An avid diver and ocean lover, Robert Young worked on his magnum opus for decades adding colorful fish, pristine reefs, corals and other marine life to the canvas of his work The Big One. The painting was exhibited at Sea World, but eventually returned to Laguna Beach in 2013. Young was an extraordinary artist/painter who lived, loved and worked in Laguna Beach for most of his life and was one of founders of the beloved Laguna. Beach Sawdust Art Festival. It is his love for the sea that has inspired much of his work as an artist. Young connected with the ocean as a young boy while playing in the surf near his family’s beachside trailer in El Moro. He spent time there as a lifeguard at Scotchman’s Cove and, by chance, served his tour of duty as a Marine in Hawaii where his interest in the ocean and its people continued to grow. As a young man he spent hundreds of hours underwater exploring countless coves along the coast, diving for dinner at the end of the day or simply observing the wonders that lived below the surface. .
From Mission-Blue.org: National Geographic Society Explorer-in-Residence, Dr. Sylvia A. Earle, Called Her Deepness by The New Yorker and New York Times, Living Legend by the Library of Congress, and First Hero for the Planet by Time Magazine, is an oceanographer, explorer, author, and speaker with experience as a field research scientist, government official, and director of corporations and nonprofits including Kerr McGee Corporation, Dresser Industries, Oryx Energy, the Aspen Institute, the Conservation Fund, American Rivers, Mote Marine Laboratory, Duke University Marine Laboratory, Rutgers Institute for Marine Science, Woods Hole Oceanographic Institution, National Marine Sanctuary Foundation, and Ocean Futures.
Formerly Chief Scientist of NOAA, Dr. Earle is Founder of Deep Ocean Exploration and Research, Inc. (DOER), Founder of the Sylvia Earle Alliance (SEA)/Mission Blue, Chairman of the Harte Research Institute Advisory Board, Inspiration for the ocean in Google Earth, leader of the NGS Sustainable Seas Expeditions and subject of the 2014 Netflix film, Mission Blue. She holds a Bachelor of Science from Florida State University, a Masters and a Ph.D. from Duke University, 27 honorary degrees and has authored over 200 scientific, technical and popular publications, including 13 books (most recently Blue Hope in 2014), has lectured in over 90 countries and appeared in hundreds of radio and television productions.

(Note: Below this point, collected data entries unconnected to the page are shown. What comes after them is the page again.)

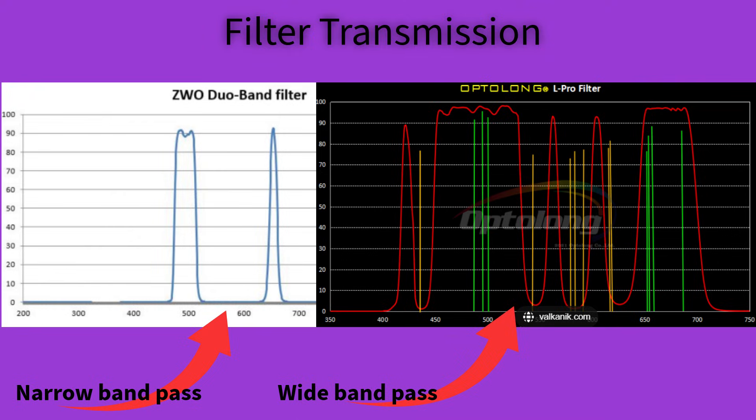Look, Duoband is very narrow, L-Pro is very wide. The secret is in the name: narrowband and broadband. This combination gives the best of both worlds.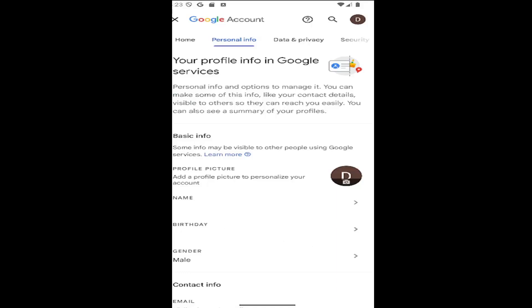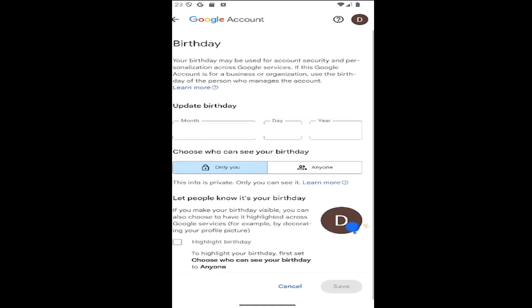Go ahead and select inside of there to open up the birthday field. At that point you type in the month, day, and year. You can also adjust who you want to see your birthday — whether you want it only visible to you or everyone — and you can highlight your birthday across Google services too.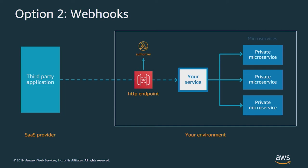But webhooks also have some downsides. If your service goes down, the SaaS provider may not know about this and may not retry calling you, so you can lose information. Also, your HTTP endpoint is a public endpoint, so you have to secure that, and you may need to write custom authorizer logic. Often the security model used here uses static secrets like API keys, and sometimes that's not the best approach. You have to manage this API, and depending on your implementation, it can be difficult to scale.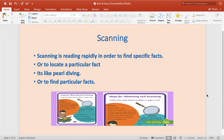Now let's talk about scanning. Looking at the pictures, both show a magnifying glass — a looking glass used for searching. This means scanning is searching. Scanning is reading rapidly in order to find specific facts. Rather than going through all the water, you find out a specific thing at any part of the text, essay, or paragraph. Looking for a specific topic, fact, date, or name is called scanning. It is about locating facts — like locating pearls — finding facts quickly in a very quick way.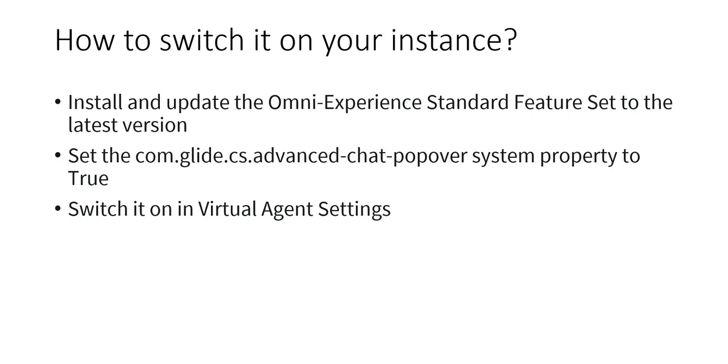Next is how can we switch it on in your ServiceNow instance. So there are three essential steps to follow so that you can activate message previews in your ServiceNow virtual agent.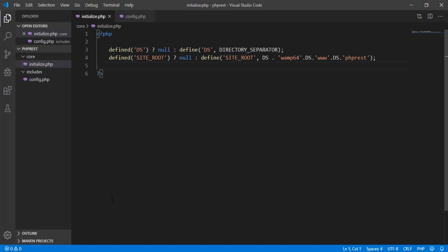Hey, what's up guys, welcome back to our YouTube channel. In this video we're going to continue working on our initialize.php file. This is actually Part 3 of our PHP REST API tutorial.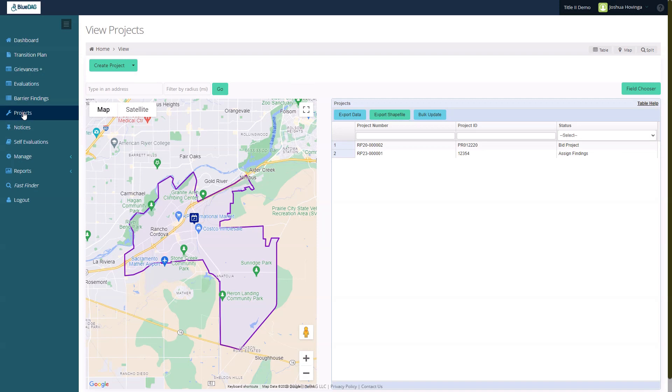So, how does the public see an entity's grievances and barriers? BlueDMG will provide Title II subscribers with a unique URL for each type of public view upon request. The subscriber can include the links in their published transition plan or post the link on their public website. When a member of the public clicks on the link, they will see a table and map view like this.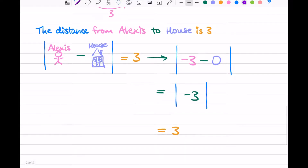Just a couple of quick notes: you might see a problem that looks like this, with negative 3 inside the absolute value. It's implied that it's actually negative 3 minus 0. The absolute value is there to represent distance, and to have distance you need two things — that's why we have negative 3 minus 0. But oftentimes they'll leave the minus 0 out. So keep in mind that minus 0 is always implied.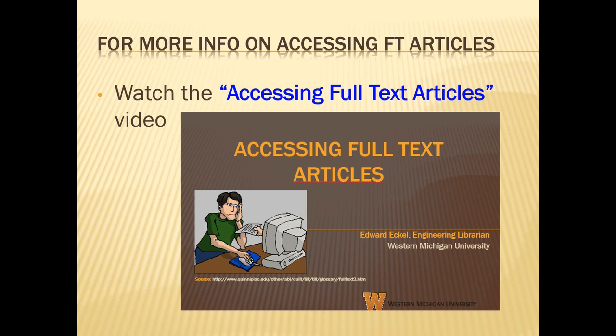For further information on accessing full text articles, please watch the Accessing Full Text Articles video.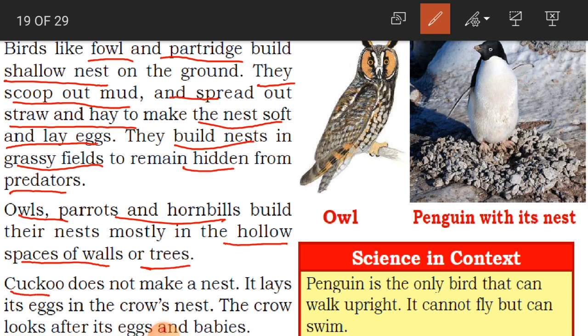The cuckoo does not make a nest. It lays its eggs in the crow's nest, and the crow looks after its eggs and babies. Even though the crow is not the parent of the cuckoo's young ones, it will still look after the eggs and the babies. See how helpful the crow is!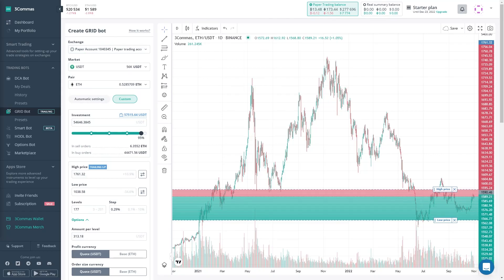FreeCommerce has recently added a new function on the grid bot called the trailing function. I think this is a great addition to the grid bots and will make them way better to run. In this video I will give you an overview of how the trailing function works and how you can create a grid bot on FreeCommerce.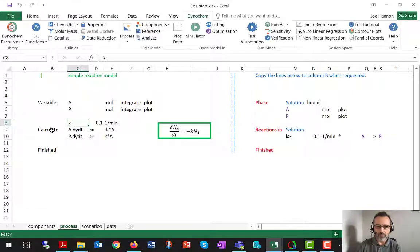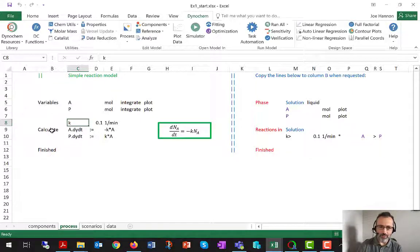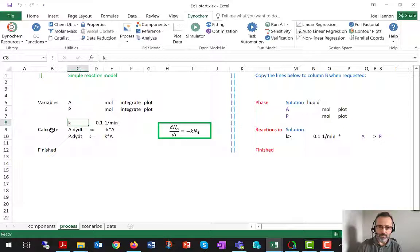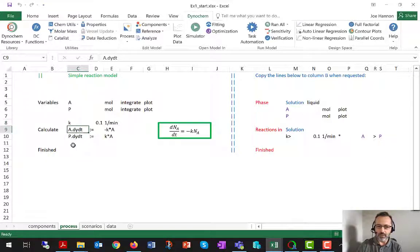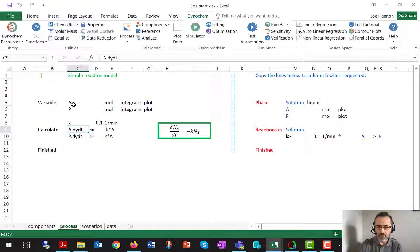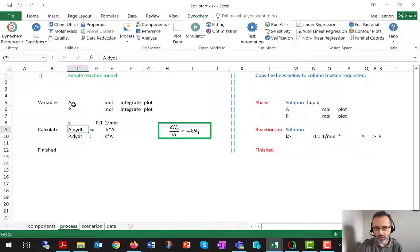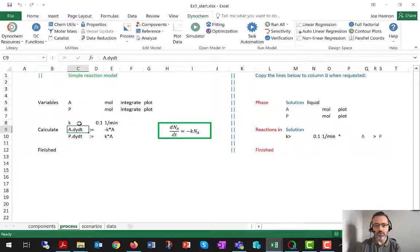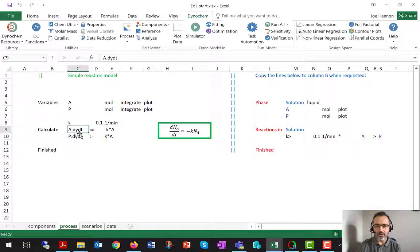Then whenever you have variables, you'll have calculate statements. And the difference here is that these calculate statements, if they're going to be integrated and describing the rate of change of the components, they need to say dot DYDT.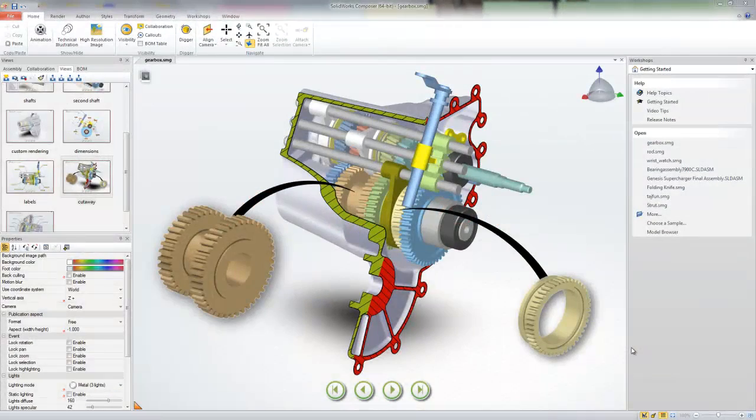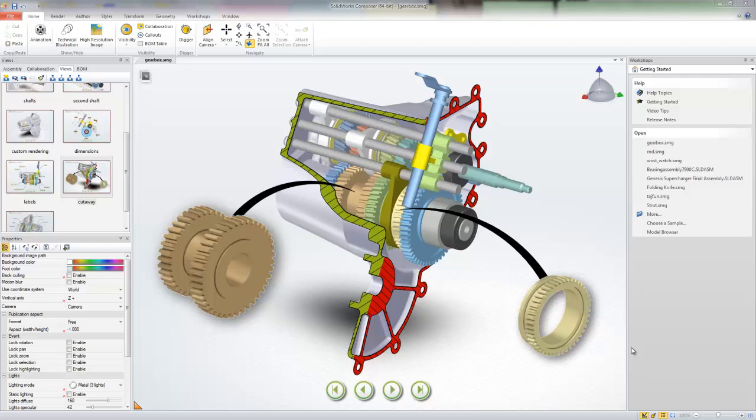Hello everyone and welcome back to our getting started series on SOLIDWORKS Composer. Whenever you have a question with SOLIDWORKS Composer, one of the great resources that you can leverage is the help topics located on the workshops tab.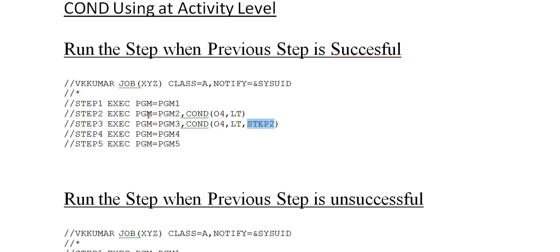In real time, you might have 10 to 12 steps. The first step could be copying a file, the second step reads from the copied file and updates it, and the next step copies the updated file to another location. You would code a condition so that if step one successfully copies the file, only then do you read and update the table. If the table is successfully updated, only then execute the next step. Based on this logic, you use these COND parameters.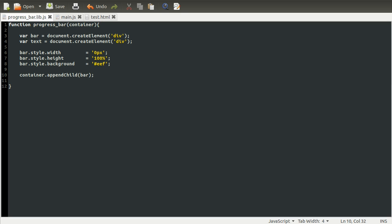So thank you for watching and come back for part two, where we'll finish off this function and start on creating the main.js code. Okay, thank you for watching. Come back for part two.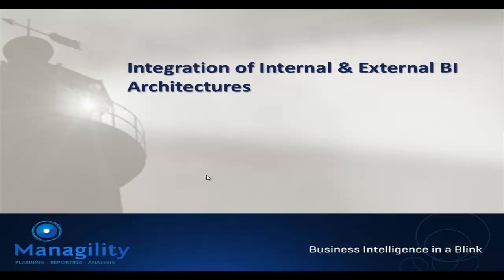Hello and welcome to another video in our series covering interesting business intelligence trends. In this video we'll describe a new approach to integrating different BI architectures.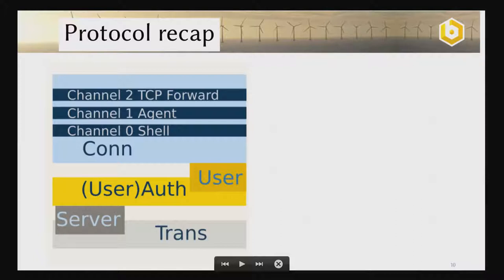A short protocol recap. At the base layer, we have the transport protocol where we authenticate the server side. On top, there is the authentication protocol where we authenticate the user. And the connection protocol is for the current ongoing sessions, where we can have the shell, our forwarding channels, or the agent running and communicating over.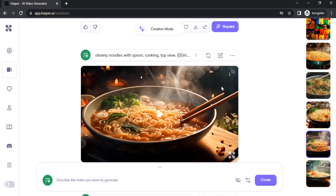This is the way you can create unlimited video generations using Hyper AI. Thanks for watching. If you liked this video, give a thumbs up and subscribe to this channel for more future tutorials. Also press the bell icon so that you can get instant notifications when I upload a video. Thanks for watching and bye!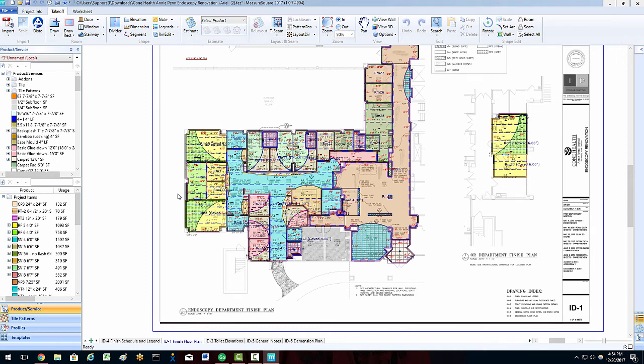Hi guys, James from MeasureSquare here. Welcome to the Report Printout Tutorial, the final video in the Getting Started with MeasureSquare 8 series.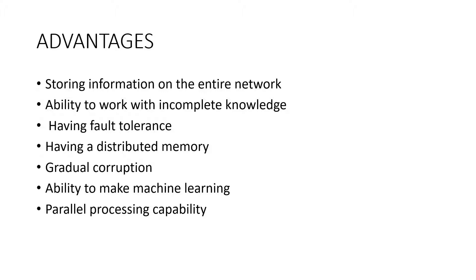Ability to make machine learning. Artificial neural networks learn events and make decisions by commenting on similar events. Parallel processing capability: artificial neural networks have numerical strength that can perform more than one job at the same time.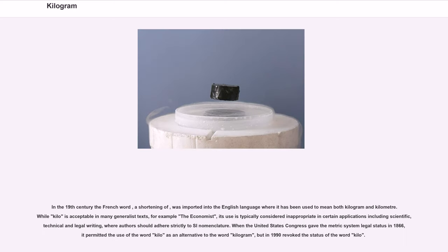In the 19th century the French word 'kilo,' a shortening, was imported into English where it has been used to mean both kilogram and kilometer. While 'kilo' is acceptable in many generalist texts, its use is typically considered inappropriate in scientific, technical, and legal writing, where authors should adhere strictly to SI nomenclature. When the United States Congress gave the metric system legal status in 1866 it permitted 'kilo' as an alternative, but in 1990 revoked the status of the word 'kilo.'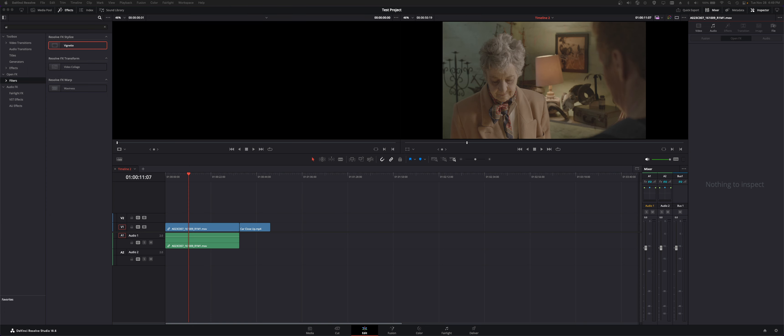Welcome to Resolve Module 8. We're going to go over the inspector window. There's a pretty good amount to go over in here, so we'll show you not everything but a good chunk just so you can get familiar with it.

She has led over 100 expeditions and logged over 7,000 hours underwater, including leading the first team of female aquanauts on Project Tektite in 1970, participating in ten saturation dives, the most recent in July 2012, and by setting a solo diving record in 1,000. meters depth. His research focuses on marine ecosystems with particular reference to the exploration, conservation and development and use of new technologies for efficient access and operations in the high seas and other remote environments.